- Moonshot AI is reportedly seeking up to $2B in fresh funding at a $30B valuation, according to Bloomberg.
- The Beijing-based startup’s annual recurring revenue surpassed $200M in April, driven by demand for its Kimi chatbot and AI models.
- In December 2024, Moonshot was valued at $4.3B. If the new round closes at $30B, it will have multiplied its valuation more than sevenfold in 18 months.
In December 2024, Moonshot AI was valued at $4.3 billion. By May 2026, it had closed a $2 billion round at $20 billion, the largest single funding event in China’s large language model sector. It is now reportedly seeking another $2 billion, bringing the total to $30 billion.

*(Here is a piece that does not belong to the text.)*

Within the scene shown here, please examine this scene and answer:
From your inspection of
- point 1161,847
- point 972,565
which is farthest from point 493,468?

That pace, a sevenfold valuation increase in 18 months, captures both the scale of investor appetite for Chinese AI and the speed at which this particular foundation model race is being run.

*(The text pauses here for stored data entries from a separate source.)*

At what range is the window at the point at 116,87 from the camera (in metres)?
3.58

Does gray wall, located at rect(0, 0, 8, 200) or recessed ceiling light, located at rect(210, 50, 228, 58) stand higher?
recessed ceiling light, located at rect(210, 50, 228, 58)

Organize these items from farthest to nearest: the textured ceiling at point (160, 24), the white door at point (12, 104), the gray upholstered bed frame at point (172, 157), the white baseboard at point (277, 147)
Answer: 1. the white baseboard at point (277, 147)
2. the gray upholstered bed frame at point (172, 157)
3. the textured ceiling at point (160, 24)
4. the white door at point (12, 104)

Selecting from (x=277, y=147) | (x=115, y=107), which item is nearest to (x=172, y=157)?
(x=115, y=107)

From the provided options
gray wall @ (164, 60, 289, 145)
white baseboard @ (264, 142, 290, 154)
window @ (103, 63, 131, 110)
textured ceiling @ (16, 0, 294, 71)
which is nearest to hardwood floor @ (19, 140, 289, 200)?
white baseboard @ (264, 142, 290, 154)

From academic research to one of China’s hottest AI startups
Moonshot AI was founded in March 2023 in Beijing by Yang Zhilin, Zhou Xinyu, and Wu Yuxin, Tsinghua University alumni who have known each other since university, where Yang and Zhou played in a band together. Yang earned his undergraduate degree at Tsinghua, completed his PhD at Carnegie Mellon University in 2019, taught at Tsinghua, and conducted research at Meta AI and Google Brain before founding the company.
The company gained attention through Kimi, an AI chatbot designed to compete with ChatGPT. Moonshot has since expanded into enterprise AI services and launched Kimi Work, a general-purpose AI agent built on its K2.5 models. Its annual recurring revenue exceeded $200 million in April 2026, making it one of the fastest-growing AI companies in China.
The company is also restructuring its corporate setup as it prepares for a potential Hong Kong IPO, dismantling its offshore VIE structure to clear the path for a listing, as reported in TFN’s coverage of its $20B round in May 2026.
Why investors are pouring billions into China’s AI leaders
Moonshot’s fundraising reflects the capital demands of the foundation model race. Training advanced AI systems requires sustained investment in compute infrastructure, research talent, and model development — costs that only grow as models scale.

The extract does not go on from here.